Artist

Mats Eilertsen

Genre: Jazz ,Jazz Instrument ,Modern Jazz ,Avant-Garde Jazz ,Modern Creative ,Guitar Jazz
Origin: U.S.A
Listen on Coda
Mats Eilertsen, a jazz bassist and composer born in Trondheim, Norway, maintains an extensive recording career while leading multiple ensembles and contributing as a frequent session musician to projects such as the Alexi Tuomaril Trio and Håkon Kornstad Trio. Since issuing Turanga in 2004 he has released more than a dozen leader albums, among them SkyDive from 2011, the ECM dates Rubicon in 2016 and And Then Comes the Night in 2019, and Hymn for Hope in 2021; during 2024 he became a member of the experimental octet Hlaskontrabasoktet, comprising four double bassists and four vocalists, whose first recording, Kaleidoscapes, appeared that July.

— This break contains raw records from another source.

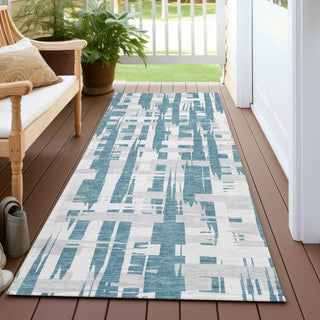 Piper Looms Chantille Stripes ACN1849 Teal Machine Washable Area Rug Runner Outdoor Lifestyle Image Feature
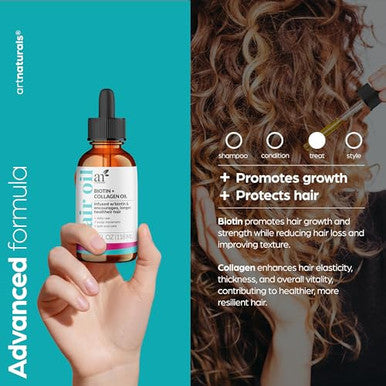 Artnaturals Biotin Collagen Hair Oil 4.0Oz - Growth Promoting Volumizing Formula - Reduce Hair Loss Strengthens And Nourishes Hair - Controls Frizz & Improves Manageability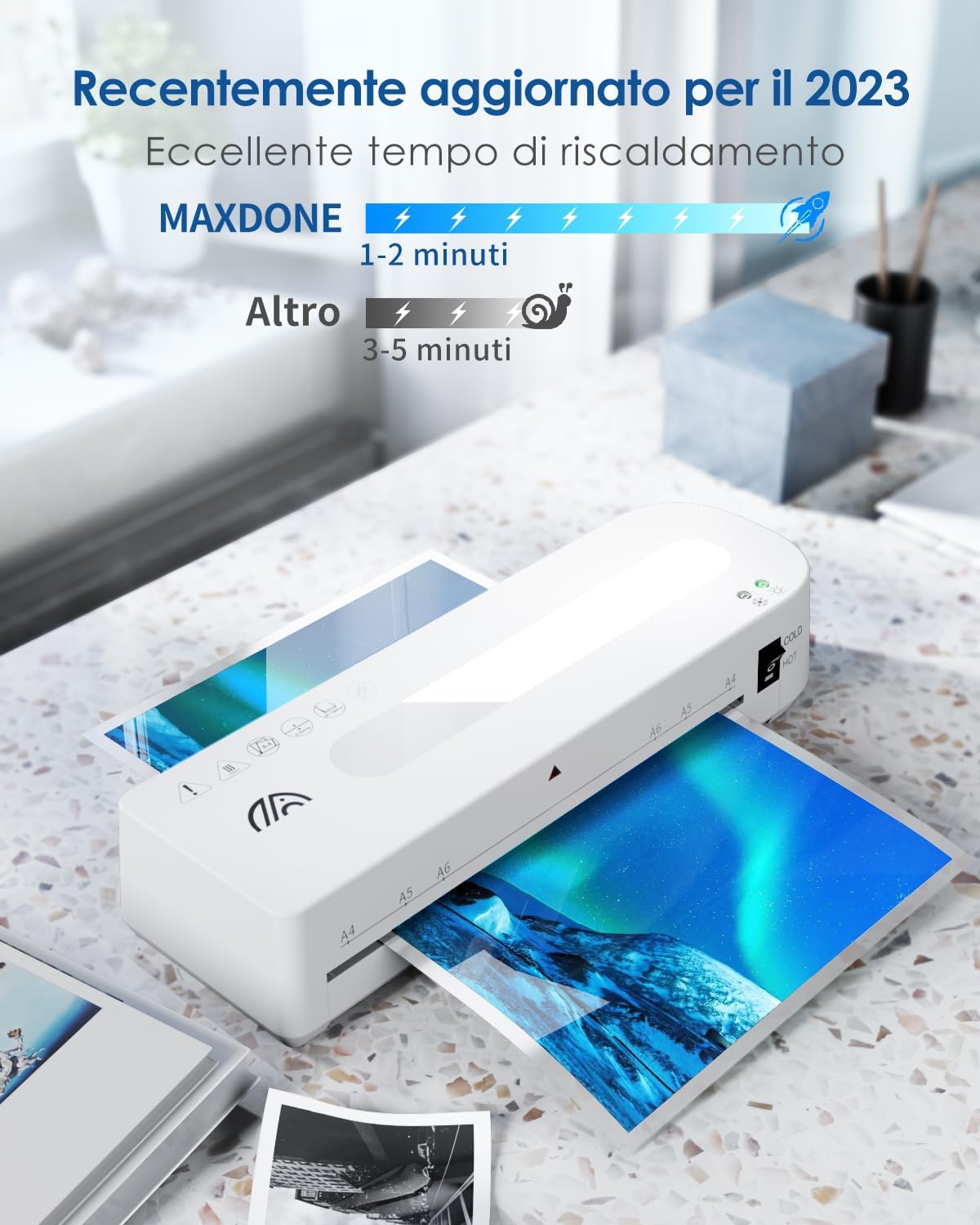Detalle de Plastificatrice A4 con 10 Fogli e laminazione: pronta in 90 secondi, doppio rullo e modalità caldo/freddo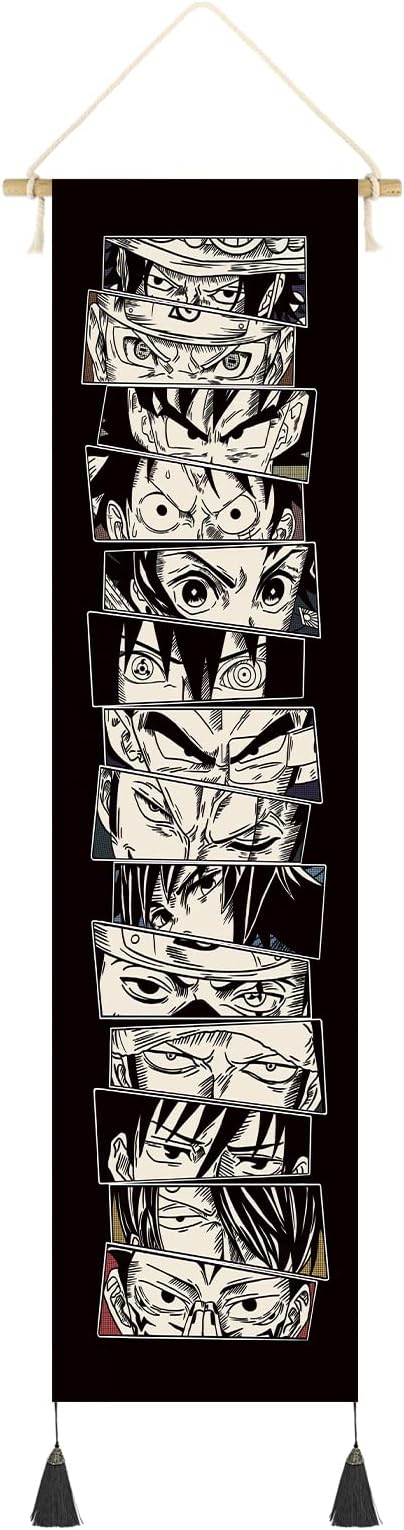 CosplayStudio Hanging Poster Canvas Wall Art Painting Anime Characters Eyes Tapestry Silhouette Effect Wall Tapestry With 2 Tassels And Wooden Hanging Rod Wall Decor Decoration For Room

He began formal studies of piano and bass in his native Trondheim before completing a jazz major at Trondheim Musikkonservatorium, where he co-founded the quintet Dingobats alongside saxophonist Eirik Hegdal, guitarist Thomas Dahl, and drummer Sverre Gjørvad. The group’s debut, The New Dingobats Generation, emerged in 1998; after establishing itself as a club favorite the ensemble produced two additional albums and dissolved in 2004. While still active with Dingobats, Eilertsen participated in Food from 2000 to 2004 alongside Thomas Strønen, Iain Ballamy, and Arve Henriksen, appearing on the quartet’s initial four albums, and performed with the Håkon Kornstad Trio, whose album Space Available earned a Kongsberg Jazz Award in 2002. He also supplied bass for guitarist Jacob Young’s ECM debut, Evening Falls, released in 2004.

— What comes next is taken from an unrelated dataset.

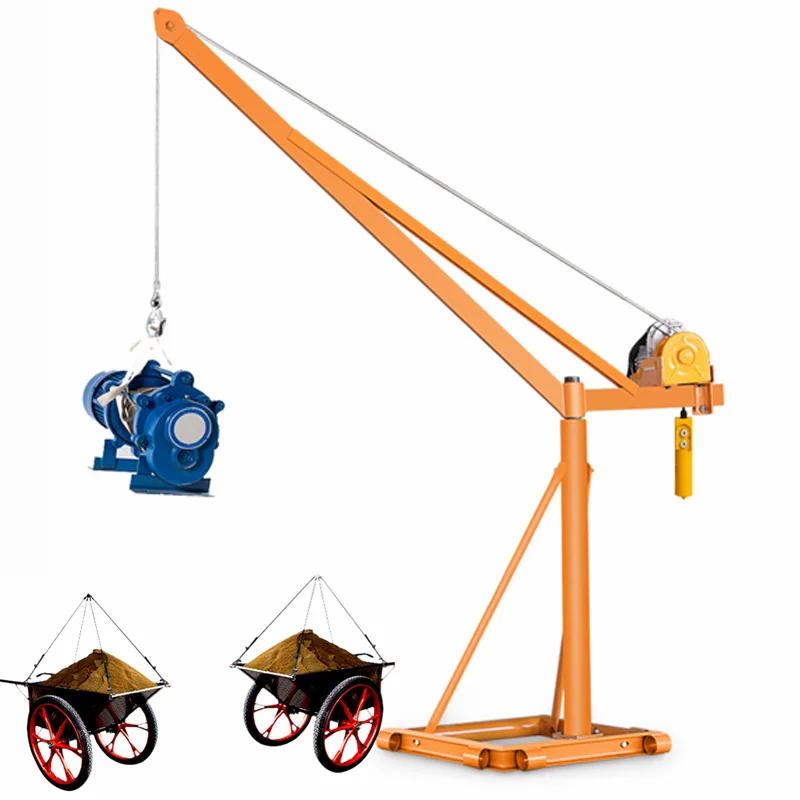 Small Crane Equipment Construction Material Lifting Tools arm crane 500kg Mini Roof Hoist Crane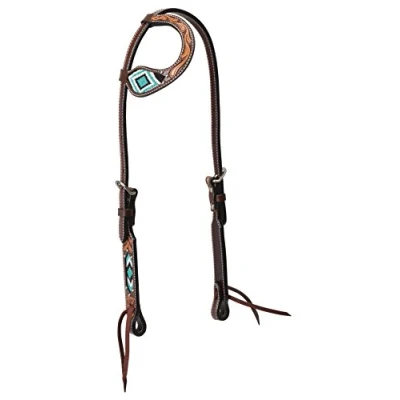 Image of Turquoise Cross Beaded Flat Sliding Ear Headstall Dark Oil, 44413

Following Dingobats’ breakup he assembled the quartet Turanga featuring cellist Ernst Reijseger, saxophonist Fredrik Ljungkvist, and Strønen; their self-titled 2005 album is widely viewed as Eilertsen’s first solo statement, succeeded the next year by Flux with the same personnel. In 2008 he recorded on Young’s Sideways and joined Tord Gustavsen’s ensemble for Restored, Returned, another ECM release. Radio Yonder, his third album, appeared on Hubro—the jazz and improvised-music division of Norway’s Grappa Musikkforlag—in 2009, supported by saxophonist Tore Brunborg, drummer Olavi Louhivuori, and Dahl.

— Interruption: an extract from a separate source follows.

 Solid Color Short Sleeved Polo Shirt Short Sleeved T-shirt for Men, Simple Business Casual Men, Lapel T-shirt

With pianist Harmen Fraanje and Strønen he issued Elegy in 2010, then reunited the Radio Yonder lineup plus Finnish pianist Alexi Tuomarila for SkyDive on Hubro in 2011. The following year he participated in Gustavsen’s ECM quartet album The Well and played on pianist Yelena Eckemoff’s trio date Forget-Me-Not, which featured Marilyn Mazur. In 2013 the Fraanje-Strønen trio released Sails Set; Eilertsen rejoined Gustavsen for Extended Circle in 2014, solidifying his ECM affiliation, and the next year appeared as double bassist on Mathias Eick’s Midwest and Nils Økland’s Kjølvatn.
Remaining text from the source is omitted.